Diversity, equity, and inclusion programs are facing their most intense political backlash in decades. State legislatures are banning DEI offices in public universities. Major corporations are quietly renaming or downsizing DEI functions. Political campaigns are positioning anti-DEI messaging as a populist cause. In this environment, the empirical evidence about what inclusive leadership actually does — and does not — accomplish takes on particular importance.
Nittrouer et al. (2024), in the Journal of Organizational Behavior, offer a comprehensive assessment titled Despite the Haters: The Promise and Progress of DEI. Their review examines the empirical evidence base for DEI initiatives across organizations and finds that the evidence supports several conclusions. Well-designed inclusive leadership practices improve organizational performance metrics including innovation, problem-solving quality, and employee retention. Poorly designed practices — those that are performative, mandatory without buy-in, or focused on demographic targets without structural change — can produce backlash and resentment without improving outcomes.

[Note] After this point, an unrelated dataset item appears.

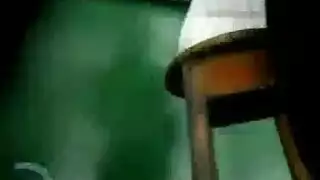 كوافيرة سمراء تداعب فتاه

Mahdanian (2025), in the Journal of Public Mental Health, examines the space between belonging and backlash in mental health settings, where inclusive leadership is particularly consequential because the populations served are disproportionately from marginalized communities. The research finds that the backlash against DEI creates real harm — not just political inconvenience but measurable deterioration in service quality for vulnerable populations when inclusive practices are abandoned under political pressure.
De Souza Santos et al. (2025) trace the trajectory from diverse origins to DEI crisis in software engineering, documenting how a field that pioneered many diversity initiatives is now experiencing significant pushback. Their analysis reveals that the pushback is not primarily ideological but structural — organizations that implemented DEI as a compliance exercise without genuine cultural change created the conditions for backlash by generating visible costs (training programs, reporting requirements, hiring targets) without producing visible benefits that the broader workforce recognizes.

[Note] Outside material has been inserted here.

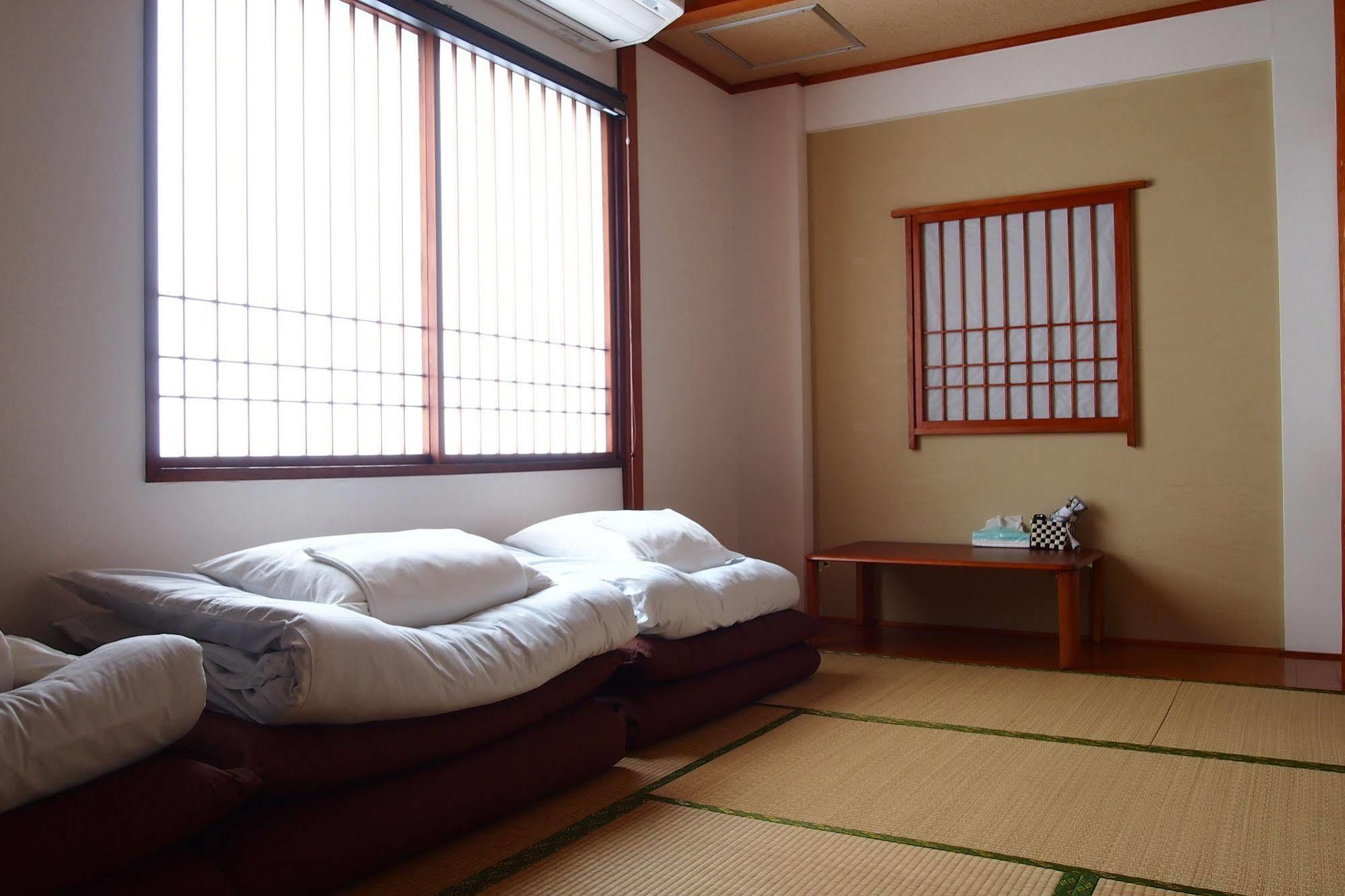 Khaosan Chitose Family Hostel Экстерьер фото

The evidence-based response to DEI backlash is not to abandon inclusive leadership but to improve it: moving from performative compliance to structural change, from demographic targets to process improvements, and from mandatory training to genuine culture-building. The organizations that will emerge strongest from the current backlash are those that distinguish between DEI theater and DEI substance — and invest in the latter even when the political environment makes the former untenable.
The Structural Response
The evidence-based response to DEI backlash is not to abandon inclusive leadership but to improve it fundamentally. This means moving from performative compliance to structural change — from demographic targets that create resentment to process improvements that create opportunity. When hiring processes are redesigned to reduce bias in evaluation rather than to meet numerical targets, the outcome is both more equitable and more broadly accepted.
The distinction between DEI theater and DEI substance is critical. DEI theater involves visible gestures — mandatory training sessions, diversity statements, heritage month celebrations — that signal commitment without changing structures. DEI substance involves invisible changes — blind resume review, structured interviews, equitable promotion criteria, inclusive meeting practices — that change outcomes without generating the political resistance that visible programs provoke.
Organizations that invest in substance over theater find that inclusive practices become self-sustaining. When people from diverse backgrounds are hired through fair processes, promoted based on equitable criteria, and included in decision-making through structured practices, the organizational culture shifts naturally. The diversity becomes a feature of the organization rather than a program imposed on it.
The current political environment makes this distinction more important, not less. Organizations that have built inclusive practices into their structural fabric are more resilient to political backlash than those whose diversity efforts depend on visible programs that can be targeted. The backlash may eliminate DEI offices, but it cannot eliminate fair hiring processes, equitable evaluation criteria, and inclusive meeting norms that are embedded in how the organization operates.
The evidence from Nittrouer et al. is particularly important because it differentiates between well-designed and poorly-designed DEI interventions. The political backlash targets DEI as a monolithic concept, but the evidence shows that outcomes vary dramatically with design quality. Mandatory diversity training without follow-up structural change produces backlash. Voluntary mentoring programs with clear success metrics produce engagement. The lesson is not that DEI does not work but that bad DEI does not work, and the field must own this distinction rather than defending all DEI practices equally. Leaders who understand this distinction can maintain substantively inclusive practices even in politically hostile environments by focusing on evidence-based approaches that produce measurable improvements in organizational performance alongside equity outcomes.
The institutional design question is whether DEI functions should be standalone units (visible but vulnerable to political targeting) or embedded capabilities (invisible but resilient). The evidence increasingly favors embedding: organizations where inclusive practices are woven into standard operating procedures rather than housed in separate departments maintain those practices regardless of political winds. The standalone DEI office becomes a target; the embedded practice becomes the way things are done.